The good news is that it doesn’t appear that the attackers were able to access any financial or payment card information.
However, when you read Slack’s FAQ about the security incident you are left with the impression that some businesses may have had their private communications via the service also snooped upon.
Q: Were my messages taken/read/accessed?
If you have not been explicitly informed by us in a separate communication that we detected suspicious activity involving your Slack account, we are very confident that there was no unauthorized access to any of your team data (such as messages or files).
Of course, if Slack is admitting that some of its customers’ communications might have been accessed you have to wonder what technically would have prevented the hackers from accessing other customers’ messages too.
Perhaps Slack has systems in place to see what accounts and communications the hackers may have accessed, and so believes that deeper compromise is limited – but questions may still need to be asked about whether stronger security is required to prevent serious attacks happening in the future.

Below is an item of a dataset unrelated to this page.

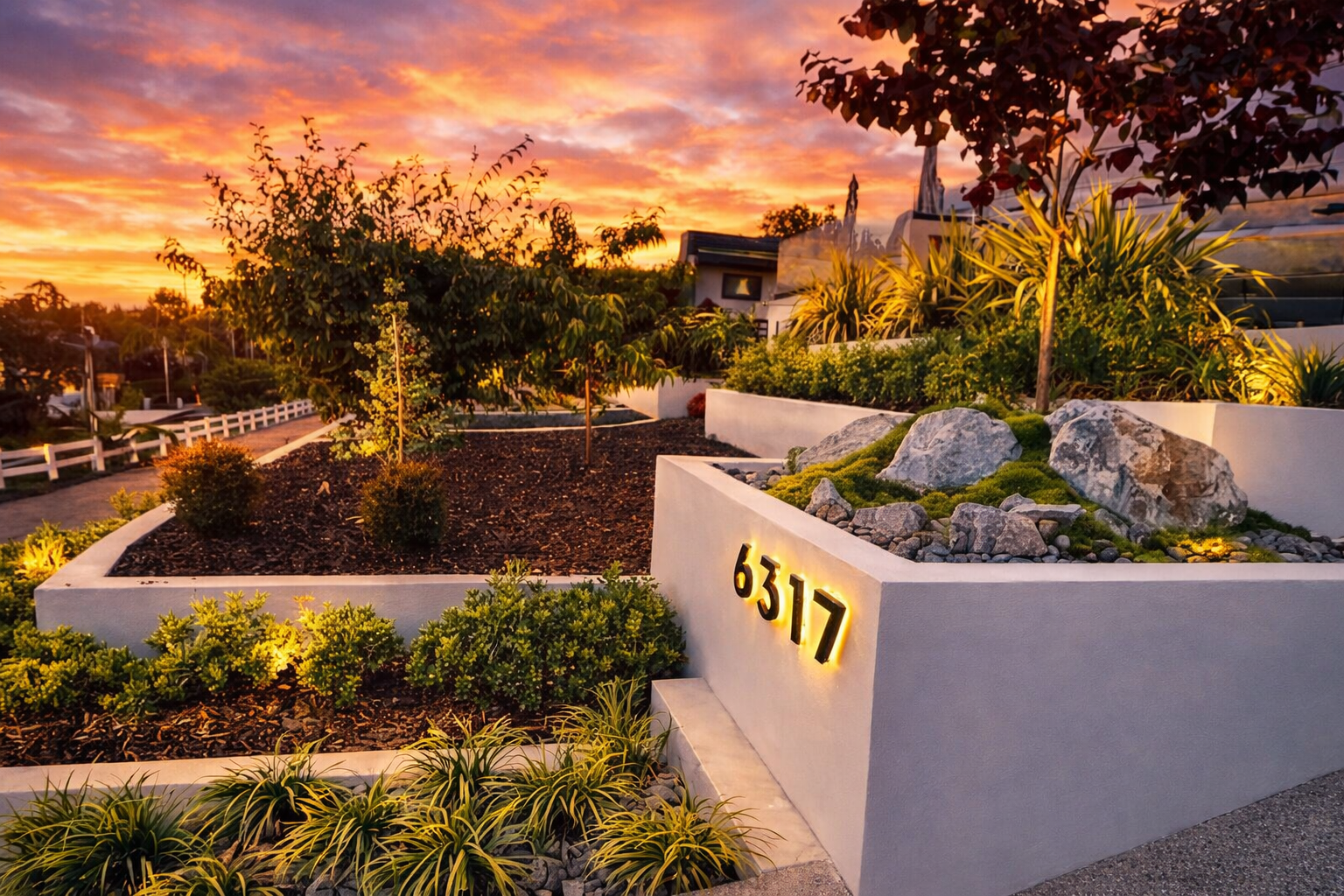 A modern house exterior in La Jolla CA, with the illuminated landscape on a white wall, surrounded by rocks, bushes, and trees, during a vibrant sunset sky.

A statement issued by Slack to Cult of Mac appears to shed a little more light on this:
“We can not comment beyond details in the blog post about any other unauthorized activity that may have affected individual accounts. We have been in direct communication with a very small number of individual account holders and team owners, but will not be commenting publicly about these accounts. We can confirm that there was no access to databases containing message archives or other similar sensitive team data as part of this incident.”
“Message archives are not encrypted on the server side (search is an important part of Slack and it is not possible to both securely encrypt messages and offer search as a feature).”
Can you trust Slack to be secure? Is it yet another case of an online service that has grown rapidly, without treating security and privacy as a top priority?
The jury is currently out. If I was a customer of Slack I would need them to work hard to rebuild my trust, and be more transparent about what occurred to reassure me that they weren’t attempting to massage the breach notification for PR reasons.
If you are a Slack user I would recommend that, at the very least, you remember to be careful what you share, warn your colleagues to be on the look out for phishing messages and targeted attacks (the bad guys have got your contact details now, remember?) and enable two-factor authentication as soon as possible.